> [AVAILABLE DATA]:
..........

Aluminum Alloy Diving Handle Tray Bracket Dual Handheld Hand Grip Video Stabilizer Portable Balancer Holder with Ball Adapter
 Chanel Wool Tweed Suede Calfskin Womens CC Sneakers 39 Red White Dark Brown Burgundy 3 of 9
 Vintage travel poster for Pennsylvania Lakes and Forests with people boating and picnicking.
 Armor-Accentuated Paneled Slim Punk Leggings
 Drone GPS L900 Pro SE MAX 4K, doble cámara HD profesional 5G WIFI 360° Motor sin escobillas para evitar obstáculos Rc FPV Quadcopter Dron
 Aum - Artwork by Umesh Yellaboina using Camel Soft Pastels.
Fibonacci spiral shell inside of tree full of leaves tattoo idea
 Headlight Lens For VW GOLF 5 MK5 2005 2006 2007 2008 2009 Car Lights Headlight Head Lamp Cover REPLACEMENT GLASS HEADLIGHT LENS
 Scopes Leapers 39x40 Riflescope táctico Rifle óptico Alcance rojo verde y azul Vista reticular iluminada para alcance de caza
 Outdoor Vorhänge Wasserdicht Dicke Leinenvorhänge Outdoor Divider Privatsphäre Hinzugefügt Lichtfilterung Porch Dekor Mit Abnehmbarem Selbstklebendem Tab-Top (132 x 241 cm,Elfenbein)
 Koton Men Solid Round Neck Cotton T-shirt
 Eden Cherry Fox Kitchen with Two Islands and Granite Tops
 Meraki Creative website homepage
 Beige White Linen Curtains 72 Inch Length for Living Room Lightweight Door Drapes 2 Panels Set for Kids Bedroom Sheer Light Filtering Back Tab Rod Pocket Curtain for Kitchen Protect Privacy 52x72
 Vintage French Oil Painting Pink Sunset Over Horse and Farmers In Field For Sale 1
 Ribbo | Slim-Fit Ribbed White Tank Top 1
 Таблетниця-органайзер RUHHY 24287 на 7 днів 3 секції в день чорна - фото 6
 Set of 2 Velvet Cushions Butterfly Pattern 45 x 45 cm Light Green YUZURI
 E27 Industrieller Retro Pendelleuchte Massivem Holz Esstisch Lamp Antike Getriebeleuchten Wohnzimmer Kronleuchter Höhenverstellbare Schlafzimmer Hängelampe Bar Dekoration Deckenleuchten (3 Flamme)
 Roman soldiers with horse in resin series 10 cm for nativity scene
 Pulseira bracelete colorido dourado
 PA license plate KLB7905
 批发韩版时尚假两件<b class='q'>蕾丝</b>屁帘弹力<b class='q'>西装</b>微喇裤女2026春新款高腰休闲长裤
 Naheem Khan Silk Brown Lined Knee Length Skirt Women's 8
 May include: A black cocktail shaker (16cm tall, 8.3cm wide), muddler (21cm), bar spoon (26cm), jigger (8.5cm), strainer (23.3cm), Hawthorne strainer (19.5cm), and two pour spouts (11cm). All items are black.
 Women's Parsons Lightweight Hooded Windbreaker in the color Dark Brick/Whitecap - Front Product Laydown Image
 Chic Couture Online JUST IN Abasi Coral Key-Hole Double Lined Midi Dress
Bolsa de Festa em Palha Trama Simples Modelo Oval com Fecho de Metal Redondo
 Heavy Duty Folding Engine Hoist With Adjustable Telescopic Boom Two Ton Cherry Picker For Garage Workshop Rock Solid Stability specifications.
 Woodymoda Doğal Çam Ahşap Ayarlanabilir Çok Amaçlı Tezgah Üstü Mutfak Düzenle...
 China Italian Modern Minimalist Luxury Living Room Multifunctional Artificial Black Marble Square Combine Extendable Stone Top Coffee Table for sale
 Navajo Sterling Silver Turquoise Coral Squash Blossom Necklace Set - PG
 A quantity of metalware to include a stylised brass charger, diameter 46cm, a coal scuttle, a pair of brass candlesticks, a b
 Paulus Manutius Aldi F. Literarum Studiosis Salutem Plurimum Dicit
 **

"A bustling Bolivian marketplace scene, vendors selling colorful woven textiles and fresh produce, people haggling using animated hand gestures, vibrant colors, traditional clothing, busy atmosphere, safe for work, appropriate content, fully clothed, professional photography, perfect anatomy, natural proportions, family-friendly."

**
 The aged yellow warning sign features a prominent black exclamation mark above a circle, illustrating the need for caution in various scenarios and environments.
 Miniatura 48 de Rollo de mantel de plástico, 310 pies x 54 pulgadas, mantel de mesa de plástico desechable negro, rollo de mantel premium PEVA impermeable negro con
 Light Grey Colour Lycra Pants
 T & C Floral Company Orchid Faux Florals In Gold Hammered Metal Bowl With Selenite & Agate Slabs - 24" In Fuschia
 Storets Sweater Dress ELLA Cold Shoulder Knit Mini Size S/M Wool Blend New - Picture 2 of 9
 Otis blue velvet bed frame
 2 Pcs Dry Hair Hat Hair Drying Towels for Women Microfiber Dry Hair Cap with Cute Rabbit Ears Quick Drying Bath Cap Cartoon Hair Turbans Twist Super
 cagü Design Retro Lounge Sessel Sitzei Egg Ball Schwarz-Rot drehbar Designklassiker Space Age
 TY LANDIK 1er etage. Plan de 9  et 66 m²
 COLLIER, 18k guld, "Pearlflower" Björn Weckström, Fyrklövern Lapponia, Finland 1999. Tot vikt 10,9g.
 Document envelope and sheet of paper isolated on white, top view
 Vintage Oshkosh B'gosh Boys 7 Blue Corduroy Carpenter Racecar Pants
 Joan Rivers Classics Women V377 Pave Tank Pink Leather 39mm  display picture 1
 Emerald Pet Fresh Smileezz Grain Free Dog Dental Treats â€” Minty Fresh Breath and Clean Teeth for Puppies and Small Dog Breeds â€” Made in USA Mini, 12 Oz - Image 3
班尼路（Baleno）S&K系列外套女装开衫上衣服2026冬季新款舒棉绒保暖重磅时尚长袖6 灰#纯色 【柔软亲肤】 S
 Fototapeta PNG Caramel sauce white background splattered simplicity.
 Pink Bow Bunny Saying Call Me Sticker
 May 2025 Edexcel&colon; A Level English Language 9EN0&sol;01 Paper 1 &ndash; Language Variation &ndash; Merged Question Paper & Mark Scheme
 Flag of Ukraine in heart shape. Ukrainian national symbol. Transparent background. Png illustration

..........

> [TRY IT]: Each line above must be retyped exactly in the response.

> [EXPECTED ANSWER]:
Aluminum Alloy Diving Handle Tray Bracket Dual Handheld Hand Grip Video Stabilizer Portable Balancer Holder with Ball Adapter
 Chanel Wool Tweed Suede Calfskin Womens CC Sneakers 39 Red White Dark Brown Burgundy 3 of 9
 Vintage travel poster for Pennsylvania Lakes and Forests with people boating and picnicking.
 Armor-Accentuated Paneled Slim Punk Leggings
 Drone GPS L900 Pro SE MAX 4K, doble cámara HD profesional 5G WIFI 360° Motor sin escobillas para evitar obstáculos Rc FPV Quadcopter Dron
 Aum - Artwork by Umesh Yellaboina using Camel Soft Pastels.
Fibonacci spiral shell inside of tree full of leaves tattoo idea
 Headlight Lens For VW GOLF 5 MK5 2005 2006 2007 2008 2009 Car Lights Headlight Head Lamp Cover REPLACEMENT GLASS HEADLIGHT LENS
 Scopes Leapers 39x40 Riflescope táctico Rifle óptico Alcance rojo verde y azul Vista reticular iluminada para alcance de caza
 Outdoor Vorhänge Wasserdicht Dicke Leinenvorhänge Outdoor Divider Privatsphäre Hinzugefügt Lichtfilterung Porch Dekor Mit Abnehmbarem Selbstklebendem Tab-Top (132 x 241 cm,Elfenbein)
 Koton Men Solid Round Neck Cotton T-shirt
 Eden Cherry Fox Kitchen with Two Islands and Granite Tops
 Meraki Creative website homepage
 Beige White Linen Curtains 72 Inch Length for Living Room Lightweight Door Drapes 2 Panels Set for Kids Bedroom Sheer Light Filtering Back Tab Rod Pocket Curtain for Kitchen Protect Privacy 52x72
 Vintage French Oil Painting Pink Sunset Over Horse and Farmers In Field For Sale 1
 Ribbo | Slim-Fit Ribbed White Tank Top 1
 Таблетниця-органайзер RUHHY 24287 на 7 днів 3 секції в день чорна - фото 6
 Set of 2 Velvet Cushions Butterfly Pattern 45 x 45 cm Light Green YUZURI
 E27 Industrieller Retro Pendelleuchte Massivem Holz Esstisch Lamp Antike Getriebeleuchten Wohnzimmer Kronleuchter Höhenverstellbare Schlafzimmer Hängelampe Bar Dekoration Deckenleuchten (3 Flamme)
 Roman soldiers with horse in resin series 10 cm for nativity scene
 Pulseira bracelete colorido dourado
 PA license plate KLB7905
 批发韩版时尚假两件<b class='q'>蕾丝</b>屁帘弹力<b class='q'>西装</b>微喇裤女2026春新款高腰休闲长裤
 Naheem Khan Silk Brown Lined Knee Length Skirt Women's 8
 May include: A black cocktail shaker (16cm tall, 8.3cm wide), muddler (21cm), bar spoon (26cm), jigger (8.5cm), strainer (23.3cm), Hawthorne strainer (19.5cm), and two pour spouts (11cm). All items are black.
 Women's Parsons Lightweight Hooded Windbreaker in the color Dark Brick/Whitecap - Front Product Laydown Image
 Chic Couture Online JUST IN Abasi Coral Key-Hole Double Lined Midi Dress
Bolsa de Festa em Palha Trama Simples Modelo Oval com Fecho de Metal Redondo
 Heavy Duty Folding Engine Hoist With Adjustable Telescopic Boom Two Ton Cherry Picker For Garage Workshop Rock Solid Stability specifications.
 Woodymoda Doğal Çam Ahşap Ayarlanabilir Çok Amaçlı Tezgah Üstü Mutfak Düzenle...
 China Italian Modern Minimalist Luxury Living Room Multifunctional Artificial Black Marble Square Combine Extendable Stone Top Coffee Table for sale
 Navajo Sterling Silver Turquoise Coral Squash Blossom Necklace Set - PG
 A quantity of metalware to include a stylised brass charger, diameter 46cm, a coal scuttle, a pair of brass candlesticks, a b
 Paulus Manutius Aldi F. Literarum Studiosis Salutem Plurimum Dicit
 **

"A bustling Bolivian marketplace scene, vendors selling colorful woven textiles and fresh produce, people haggling using animated hand gestures, vibrant colors, traditional clothing, busy atmosphere, safe for work, appropriate content, fully clothed, professional photography, perfect anatomy, natural proportions, family-friendly."

**
 The aged yellow warning sign features a prominent black exclamation mark above a circle, illustrating the need for caution in various scenarios and environments.
 Miniatura 48 de Rollo de mantel de plástico, 310 pies x 54 pulgadas, mantel de mesa de plástico desechable negro, rollo de mantel premium PEVA impermeable negro con
 Light Grey Colour Lycra Pants
 T & C Floral Company Orchid Faux Florals In Gold Hammered Metal Bowl With Selenite & Agate Slabs - 24" In Fuschia
 Storets Sweater Dress ELLA Cold Shoulder Knit Mini Size S/M Wool Blend New - Picture 2 of 9
 Otis blue velvet bed frame
 2 Pcs Dry Hair Hat Hair Drying Towels for Women Microfiber Dry Hair Cap with Cute Rabbit Ears Quick Drying Bath Cap Cartoon Hair Turbans Twist Super
 cagü Design Retro Lounge Sessel Sitzei Egg Ball Schwarz-Rot drehbar Designklassiker Space Age
 TY LANDIK 1er etage. Plan de 9  et 66 m²
 COLLIER, 18k guld, "Pearlflower" Björn Weckström, Fyrklövern Lapponia, Finland 1999. Tot vikt 10,9g.
 Document envelope and sheet of paper isolated on white, top view
 Vintage Oshkosh B'gosh Boys 7 Blue Corduroy Carpenter Racecar Pants
 Joan Rivers Classics Women V377 Pave Tank Pink Leather 39mm  display picture 1
 Emerald Pet Fresh Smileezz Grain Free Dog Dental Treats â€” Minty Fresh Breath and Clean Teeth for Puppies and Small Dog Breeds â€” Made in USA Mini, 12 Oz - Image 3
班尼路（Baleno）S&K系列外套女装开衫上衣服2026冬季新款舒棉绒保暖重磅时尚长袖6 灰#纯色 【柔软亲肤】 S
 Fototapeta PNG Caramel sauce white background splattered simplicity.
 Pink Bow Bunny Saying Call Me Sticker
 May 2025 Edexcel&colon; A Level English Language 9EN0&sol;01 Paper 1 &ndash; Language Variation &ndash; Merged Question Paper & Mark Scheme
 Flag of Ukraine in heart shape. Ukrainian national symbol. Transparent background. Png illustration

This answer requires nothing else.